Functional programming model Functional Programming
and supporting languages appeared very early as soon as the concept of Declarative Programming
appeared in the field of software programming in general. However, due to its heavy load of features borrowed from Mathematics, it is somewhat less friendly than Procedural Programming
in terms of accessibility to potential programmers who are not from academic environments. Therefore, programming languages based entirely on Functional Programming
are often less popular and almost unknown to the majority of programmers before 2010.
However, that does not mean that Functional Programming
is more difficult than Procedural Programming
, or requires users to have a strong Math background. And even with a friendly self-study guide, with a slight slight on borrowed concepts from Mathematics, anyone can begin to learn, use, and see the effect that their way of thinking. Functional Programming
provides.
Therefore, in the years after 2010, a series of popular programming languages such as JavaScript (ECMA 2015)
, Java 8 (Java 2014)
, etc. have brought in new updated versions of Functional
features to Help programmers write more concise, beautiful, and intuitive code. At the present time, perhaps no one is unaware Funtional Programming
and a few related coding techniques such as lambda
expressions, curry
parameters, …
Haskell Language
In the group of purely Functional
languages, there are two languages that are considered to represent two schools of using different syntax to express Functional
programming thinking, namely Haskell
and LISP
. Among them, Haskell
is said to have a more user-friendly syntax for programmers who are familiar with popular programming languages. The reason is because the syntax of LISP
is designed to be closer to the logic of computer reading, and here is an example of the function that calculates the value of the n
element in the Fibonaci
sequence being placed on the LISP
homepage:
1 2 3 4 5 6 | (defun fib (n) (if (< n 2) n (+ (fib (- n 1)) (fib (- n 2))))) |
We’ll soon be rewriting this fib
function ourselves using Haskell
‘s syntax, but first a short excerpt of the language’s history.
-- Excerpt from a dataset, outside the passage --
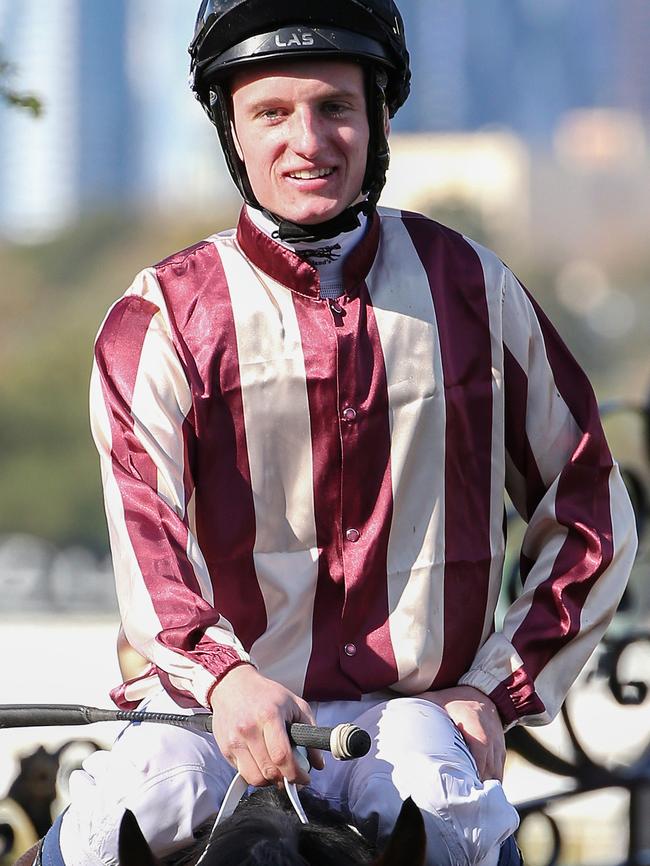 Michael Poy returns to scale at Flemington.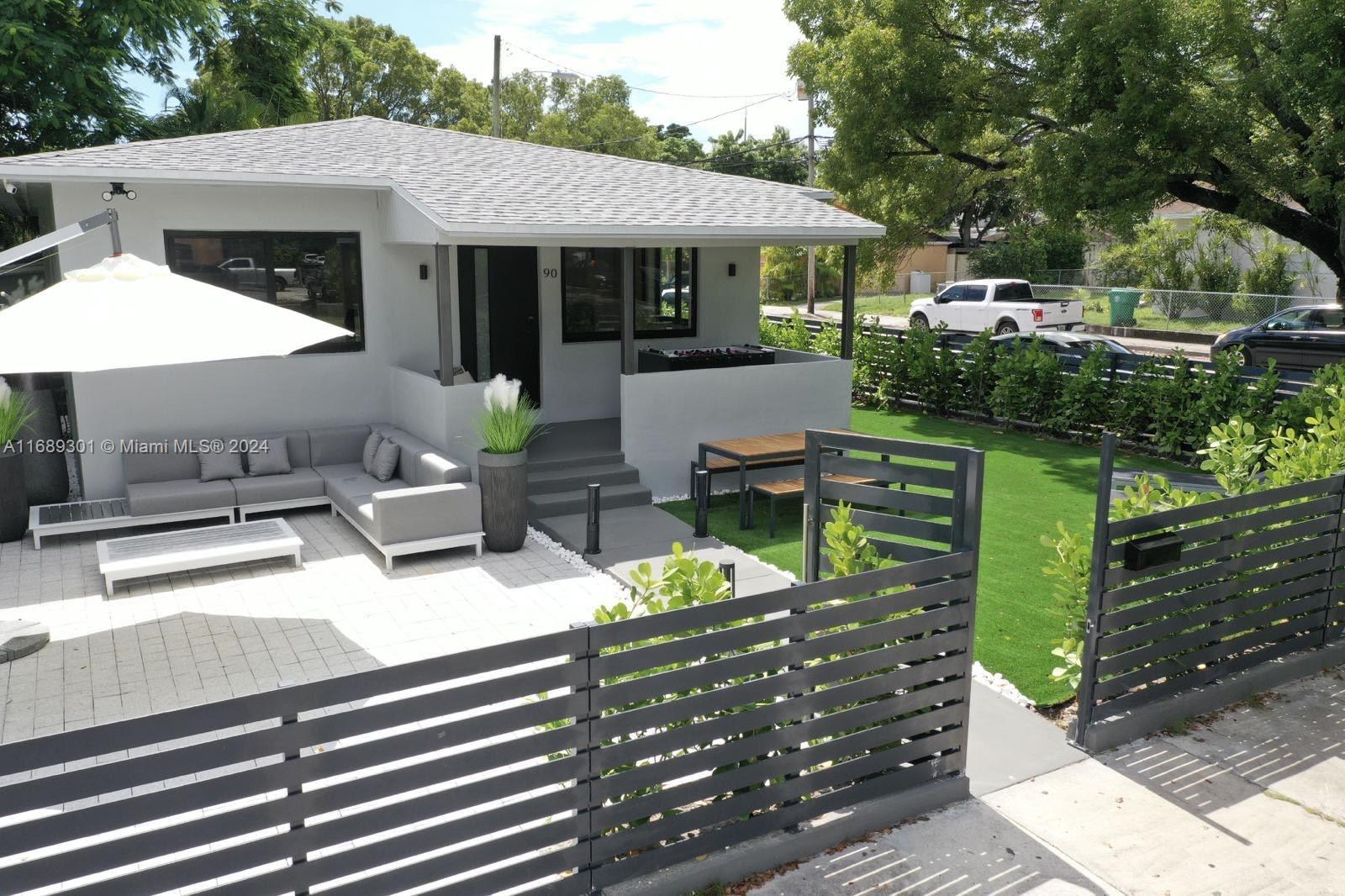 a view of a patio with table and chairs potted plants with wooden fence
Haskell
was first introduced in 1990, several years earlier than the Java
and JavaScript
brothers (1995). This pure Functional
language was designed by a team of programming engineers of nearly two dozen people and is named after the American mathematician and scientist Haskell Brooks Curry
. This Sir is very well known in the academic environment at home and in addition to Haskell
, the words Brooks
and Curry
are also used to name other programming languages, most of which are used in academic training and applications. industrial use.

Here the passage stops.